US markets started the week in the red due to the continued sell-off trade from last week fuelled by the lower Chinese yuan, weighing on tech shares, and the ever-present trade war between the US and China. At 17h30, the DJ Industrial Average was over 2% in the negative.
On Monday, European shares hit a two-month low on the back of global sell-off trade due to the increasing tensions around the US-Chinese tariff war that weighed down mining, luxury and technology shares. The STOXX 600 closed down 2.31%.

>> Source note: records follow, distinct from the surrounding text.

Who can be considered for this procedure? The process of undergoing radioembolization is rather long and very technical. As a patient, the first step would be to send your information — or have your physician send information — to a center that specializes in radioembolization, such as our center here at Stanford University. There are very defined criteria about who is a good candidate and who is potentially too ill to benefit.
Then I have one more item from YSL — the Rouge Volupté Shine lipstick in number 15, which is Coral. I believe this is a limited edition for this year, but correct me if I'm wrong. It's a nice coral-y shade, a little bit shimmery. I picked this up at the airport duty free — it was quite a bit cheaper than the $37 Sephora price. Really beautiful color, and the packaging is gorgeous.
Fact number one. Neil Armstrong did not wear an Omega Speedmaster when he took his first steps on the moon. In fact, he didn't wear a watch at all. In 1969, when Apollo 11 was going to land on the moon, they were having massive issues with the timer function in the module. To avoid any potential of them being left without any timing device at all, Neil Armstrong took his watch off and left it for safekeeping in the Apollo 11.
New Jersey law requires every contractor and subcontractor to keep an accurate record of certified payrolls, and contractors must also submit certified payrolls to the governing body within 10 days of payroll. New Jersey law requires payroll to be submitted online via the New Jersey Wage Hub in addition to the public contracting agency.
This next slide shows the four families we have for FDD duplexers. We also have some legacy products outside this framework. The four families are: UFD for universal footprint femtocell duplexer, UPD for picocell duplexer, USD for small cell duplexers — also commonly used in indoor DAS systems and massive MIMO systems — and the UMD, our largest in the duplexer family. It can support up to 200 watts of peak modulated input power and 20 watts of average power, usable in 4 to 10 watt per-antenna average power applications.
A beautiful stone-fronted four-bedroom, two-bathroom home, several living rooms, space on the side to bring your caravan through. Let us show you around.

The Chinese yuan dropped 1.40% on Monday, breaching the seven-per-dollar level for the first time in over 10 years, indicating that ”Beijing might be willing to tolerate more currency weakness that could further inflame a trade conflict.” The Hang Seng ended Monday 2.35% down.

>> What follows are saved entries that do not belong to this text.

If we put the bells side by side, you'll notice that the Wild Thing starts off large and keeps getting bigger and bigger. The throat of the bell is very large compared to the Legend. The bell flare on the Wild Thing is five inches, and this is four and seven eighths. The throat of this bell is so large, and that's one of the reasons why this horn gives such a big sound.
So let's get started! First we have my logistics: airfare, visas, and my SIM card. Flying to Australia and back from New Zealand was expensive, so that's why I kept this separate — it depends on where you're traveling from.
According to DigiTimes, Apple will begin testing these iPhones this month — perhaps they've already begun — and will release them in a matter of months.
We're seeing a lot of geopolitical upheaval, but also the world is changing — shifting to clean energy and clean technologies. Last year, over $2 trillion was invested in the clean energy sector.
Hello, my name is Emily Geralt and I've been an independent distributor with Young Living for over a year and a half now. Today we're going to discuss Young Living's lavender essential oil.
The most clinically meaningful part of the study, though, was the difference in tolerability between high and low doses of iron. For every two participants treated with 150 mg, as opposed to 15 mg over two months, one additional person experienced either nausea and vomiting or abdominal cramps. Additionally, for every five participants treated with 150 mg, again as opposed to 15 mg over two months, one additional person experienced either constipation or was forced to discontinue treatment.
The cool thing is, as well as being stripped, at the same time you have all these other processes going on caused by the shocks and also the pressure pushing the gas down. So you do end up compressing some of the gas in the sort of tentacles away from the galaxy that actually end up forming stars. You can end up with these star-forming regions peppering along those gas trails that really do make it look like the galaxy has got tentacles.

On Monday, continued friction between the US and China, as well as a stronger yen dragging down exporters such as Panasonic and Daikin, led to Japanese shares tumbling. At the closing bell, the Nikkei had lost 2.11%.
The local currency flirted with the R15/$-threshold on Monday as investors avoided risky trades amid escalating US-Sino tariff tensions. At 17h30, the rand traded R14.89 against the dollar.

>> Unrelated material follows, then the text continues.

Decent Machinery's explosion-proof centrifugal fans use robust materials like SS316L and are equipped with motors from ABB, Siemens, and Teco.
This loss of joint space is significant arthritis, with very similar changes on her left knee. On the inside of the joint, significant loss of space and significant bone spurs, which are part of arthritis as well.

Monday was a superb day for bullion prices as gold hit a six-year high after investors flocked to this safe haven asset amid trade war fears and a slowing global economy. At 17h30, an ounce of spot gold traded at $1 461.14.
Oil lost about 3% on Monday as the trade tensions between the US and China heated up, which could limit demand from the world’s top crude buyers. At 17h30, Brent crude was trading at $60.73 per barrel.